Anderson’s reward for his strong opening performance was an encounter with Allen Johnson, who had qualified No. 1 and been the dominant car throughout the weekend. Although the four-time champion was able to make a solid 6.988-second, 197.13 mph pass, it was not enough to eclipse his opponent 6.945-second, 198.15 mph effort. Despite being the first driver in the Pro Stock category to lock into this year’s Full Throttle championship playoff, he was more concerned with his team’s performance in the trying conditions at Bandimere Speedway.
“We knew coming into this race that since we did not test here, we would be a little behind the eight ball,” said Anderson. “As a result, we needed every run we could make, and when we missed that first qualifying pass, we found ourselves fighting to catch up, and just ran out of runs. Because we struggled in qualifying we had to run the toughest car on the grounds in the second round, and we needed a couple more passes worth of tuning data to really take the fight to him.
“The news wasn’t all bad, as our Summit Racing Camaro was able to get an important first round win, which was the bright spot of our weekend.
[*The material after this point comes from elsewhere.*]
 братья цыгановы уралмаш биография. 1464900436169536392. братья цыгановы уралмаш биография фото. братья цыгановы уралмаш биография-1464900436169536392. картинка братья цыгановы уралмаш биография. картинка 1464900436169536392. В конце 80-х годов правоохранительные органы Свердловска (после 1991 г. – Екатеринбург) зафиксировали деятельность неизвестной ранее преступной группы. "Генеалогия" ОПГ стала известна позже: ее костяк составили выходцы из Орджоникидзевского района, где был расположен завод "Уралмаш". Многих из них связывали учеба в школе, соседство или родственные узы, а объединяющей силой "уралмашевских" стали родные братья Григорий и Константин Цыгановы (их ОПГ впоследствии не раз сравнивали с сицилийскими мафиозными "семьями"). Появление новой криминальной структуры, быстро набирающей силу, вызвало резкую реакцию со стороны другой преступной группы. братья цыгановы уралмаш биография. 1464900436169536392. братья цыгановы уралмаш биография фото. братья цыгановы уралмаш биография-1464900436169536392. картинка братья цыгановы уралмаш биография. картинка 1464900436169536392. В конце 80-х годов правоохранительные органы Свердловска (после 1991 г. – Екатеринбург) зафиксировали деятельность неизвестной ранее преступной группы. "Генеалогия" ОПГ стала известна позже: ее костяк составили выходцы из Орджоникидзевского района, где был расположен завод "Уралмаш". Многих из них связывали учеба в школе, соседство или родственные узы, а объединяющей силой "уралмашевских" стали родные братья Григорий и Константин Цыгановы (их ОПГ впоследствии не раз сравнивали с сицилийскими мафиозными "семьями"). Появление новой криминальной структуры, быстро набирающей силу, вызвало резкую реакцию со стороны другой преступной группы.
It’s always a big deal when we race that yellow Mopar, and it’s a good day any time we can take him out. Still, we’re disappointed with our overall performance, and it shows that we have a real issue with the mountain. It’s expensive to come up here and test, and it doesn’t guarantee anything, but you can mark it down that we will be here next year, doing whatever we can do to find the right tune-up.”